## [Record extracts]
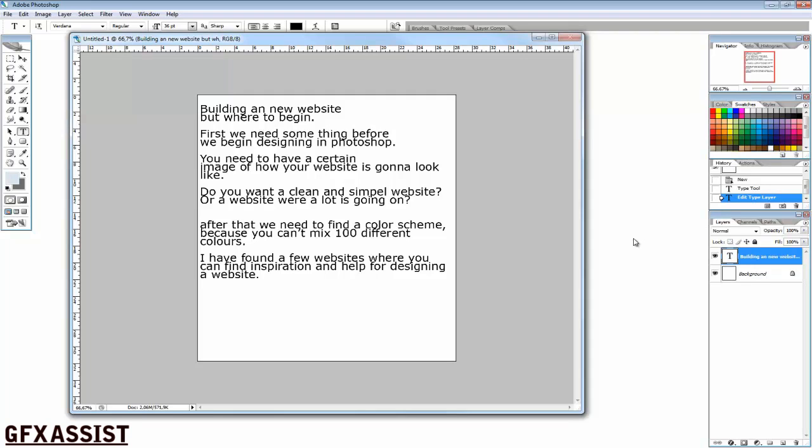After that we need to find a color scheme, because you can't just mix a lot of different colors. I have found a few websites where you can find inspiration and help for designing a website.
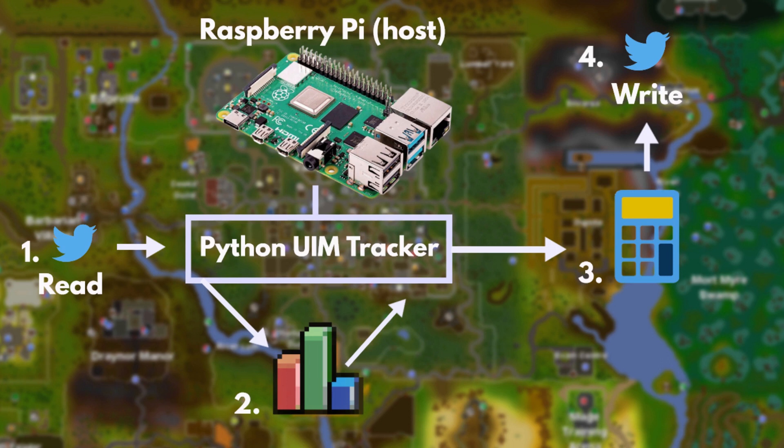The script then goes through each player I'm tracking to pull their high score data, number two on the graphic here, and it compares it to the previous high score data if there was any, to calculate the deltas between the snapshots. Those changes are then checked for milestones, number three on the picture. Right now I have it configured to look for when a player reaches a skill 99, 200 mil XP, front page rank for any skill minigame or boss, and boss KC milestone of 250, and then if that milestone was hit, the bot tweets out the achievement at number four.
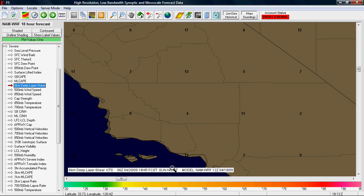That middle section shows when the forecast is valid. On the far right it says model NAM WRF 12Z 4-19-09 — that's the model this is from, what is actually forecasting this, and when that model ran. It was 12Z on 4-19, earlier that morning. Down in the lower right it shows 18:13 Zulu right now, so this ran about six hours ago. This is the 18 hour forecast valid at 6Z, which is around 1 a.m. Sunday night. We have the time displayed so you can do the conversion from Zulu to your local time, but the Sunday night label makes it much simpler to understand when this is for.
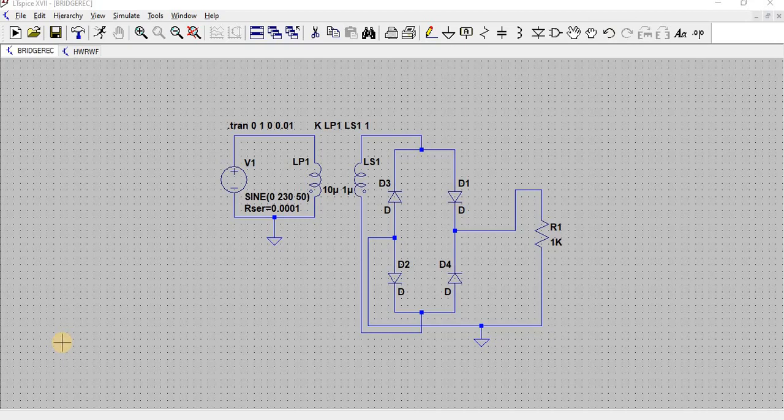Hello everyone. In this video we will see the operation of a bridge rectifier using LTSpice. A rectifier converts AC current into pulsating DC — we can convert AC to DC by means of a rectifier.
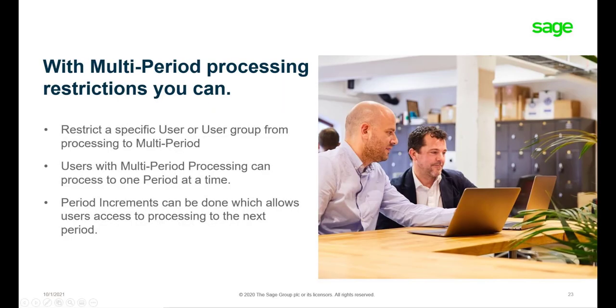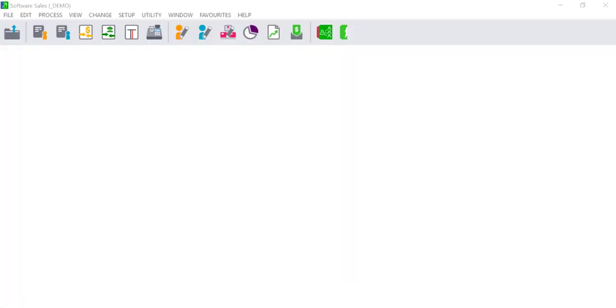Pastel gives supervisors an option to restrict a specific user or user group from processing into multi-periods. This means users can only process to one specified period at a time. At the beginning of a new period, the supervisor can run a period increment so users can process to the new period.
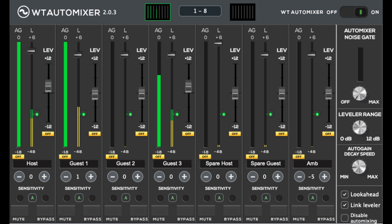WT Automixer V2 offers new features like DAW Automation, Ducker, and Automixer Noise Gate.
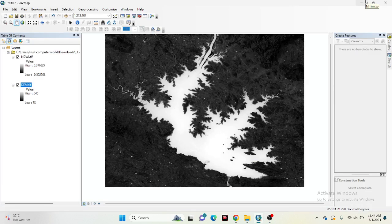Hello everyone, welcome to the Study Hacks Institute of GIS and Remote Sensing. Today I will discuss a very important topic: how we can easily calculate the volume of a water body — it can be a lake, pond, or any reservoir. I already imported two things: the NWI map and the Digital Elevation Model. If you don't know how to download the NWI data or the DEM, you can follow my tutorial link in the i-button.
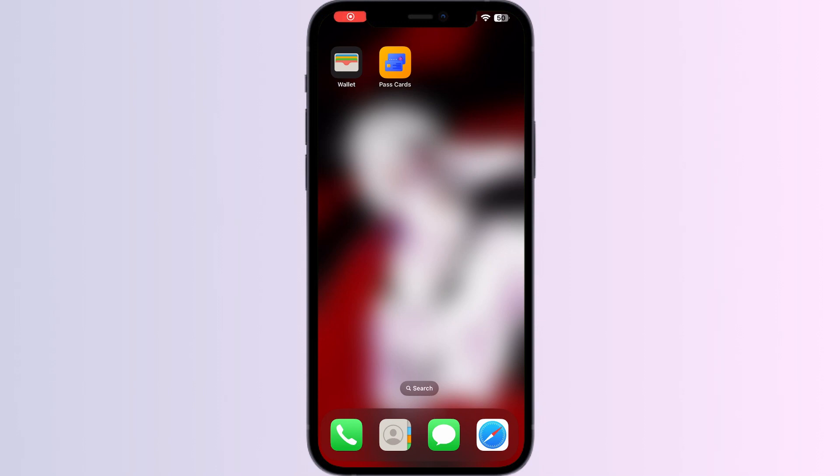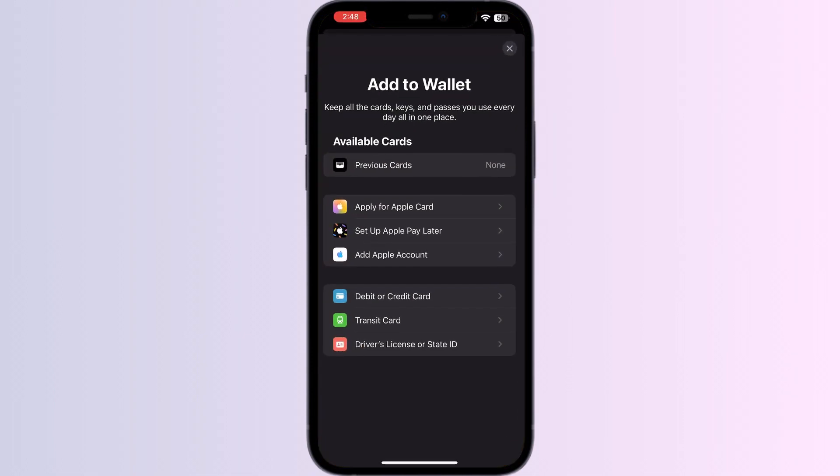Hello guys, welcome to another video where we'll discuss how to add SeatGeek tickets to Apple Wallet. Are you having trouble adding your SeatGeek tickets? As you know, you can't add external cards or tickets other than debit or credit cards, transit cards, driver's licenses, or state IDs directly from Apple Wallet.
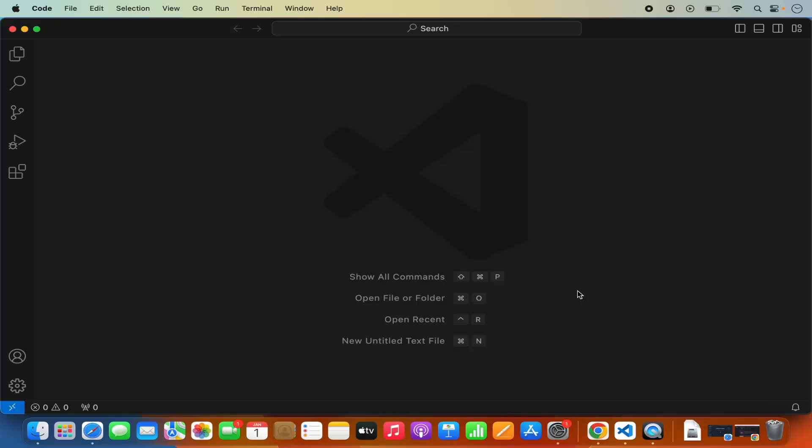Hey guys, in this video I'm going to show you how you can use Visual Studio Code to query your PostgreSQL server. So let's get started.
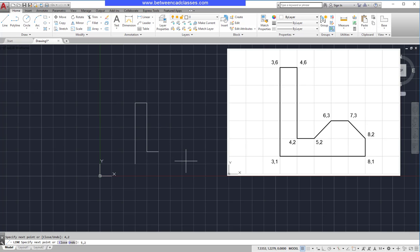5,2, Enter. 6,3, Enter. 7,3, Enter. 8,2, Enter. 8,1, Enter.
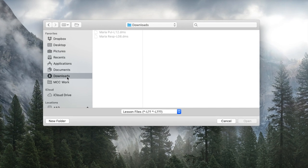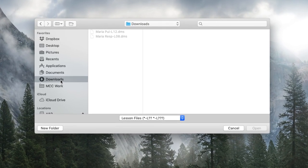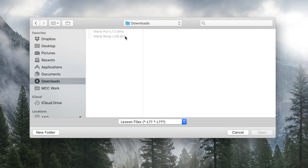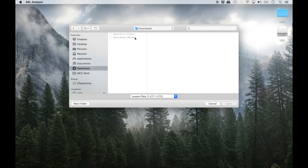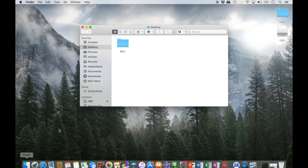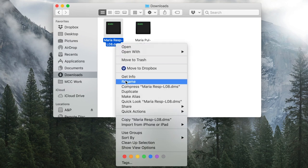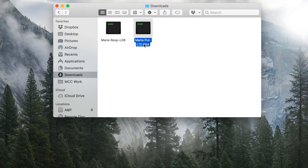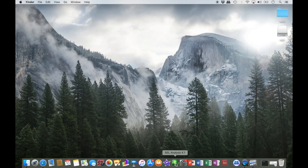If you get to this point and see your file but are unable to select it, this is generally due to a change in the file extension done by the server. As stated on page 14 of the instructions, to correct this issue close out the BSL application, open the folder your file is in, and right-click on the file name to rename it, deleting the dot DMS extension. Make sure your file ends with the dash capital L zero eight extension or Biopac will not recognize it.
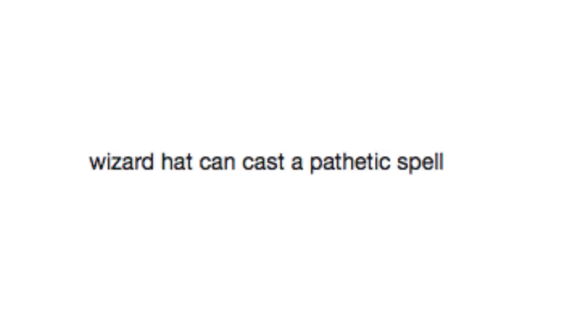Wizard hat can cast a pathetic spell. Now witness my great and powerful magic from my wizard hat, Shabalagoo. Oh, dang it.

## [What to work on]
In your answer, set down the full listing word for word and include no pictures.

## [Output for this task]
After that we need to find a color scheme, because you can't just mix a lot of different colors. I have found a few websites where you can find inspiration and help for designing a website.
The script then goes through each player I'm tracking to pull their high score data, number two on the graphic here, and it compares it to the previous high score data if there was any, to calculate the deltas between the snapshots. Those changes are then checked for milestones, number three on the picture. Right now I have it configured to look for when a player reaches a skill 99, 200 mil XP, front page rank for any skill minigame or boss, and boss KC milestone of 250, and then if that milestone was hit, the bot tweets out the achievement at number four.
That middle section shows when the forecast is valid. On the far right it says model NAM WRF 12Z 4-19-09 — that's the model this is from, what is actually forecasting this, and when that model ran. It was 12Z on 4-19, earlier that morning. Down in the lower right it shows 18:13 Zulu right now, so this ran about six hours ago. This is the 18 hour forecast valid at 6Z, which is around 1 a.m. Sunday night. We have the time displayed so you can do the conversion from Zulu to your local time, but the Sunday night label makes it much simpler to understand when this is for.
Hello everyone. In this video we will see the operation of a bridge rectifier using LTSpice. A rectifier converts AC current into pulsating DC — we can convert AC to DC by means of a rectifier.
Pastel gives supervisors an option to restrict a specific user or user group from processing into multi-periods. This means users can only process to one specified period at a time. At the beginning of a new period, the supervisor can run a period increment so users can process to the new period.
WT Automixer V2 offers new features like DAW Automation, Ducker, and Automixer Noise Gate.
Hello everyone, welcome to the Study Hacks Institute of GIS and Remote Sensing. Today I will discuss a very important topic: how we can easily calculate the volume of a water body — it can be a lake, pond, or any reservoir. I already imported two things: the NWI map and the Digital Elevation Model. If you don't know how to download the NWI data or the DEM, you can follow my tutorial link in the i-button.
Hello guys, welcome to another video where we'll discuss how to add SeatGeek tickets to Apple Wallet. Are you having trouble adding your SeatGeek tickets? As you know, you can't add external cards or tickets other than debit or credit cards, transit cards, driver's licenses, or state IDs directly from Apple Wallet.
Hey guys, in this video I'm going to show you how you can use Visual Studio Code to query your PostgreSQL server. So let's get started.
5,2, Enter. 6,3, Enter. 7,3, Enter. 8,2, Enter. 8,1, Enter.
If you get to this point and see your file but are unable to select it, this is generally due to a change in the file extension done by the server. As stated on page 14 of the instructions, to correct this issue close out the BSL application, open the folder your file is in, and right-click on the file name to rename it, deleting the dot DMS extension. Make sure your file ends with the dash capital L zero eight extension or Biopac will not recognize it.
Wizard hat can cast a pathetic spell. Now witness my great and powerful magic from my wizard hat, Shabalagoo. Oh, dang it.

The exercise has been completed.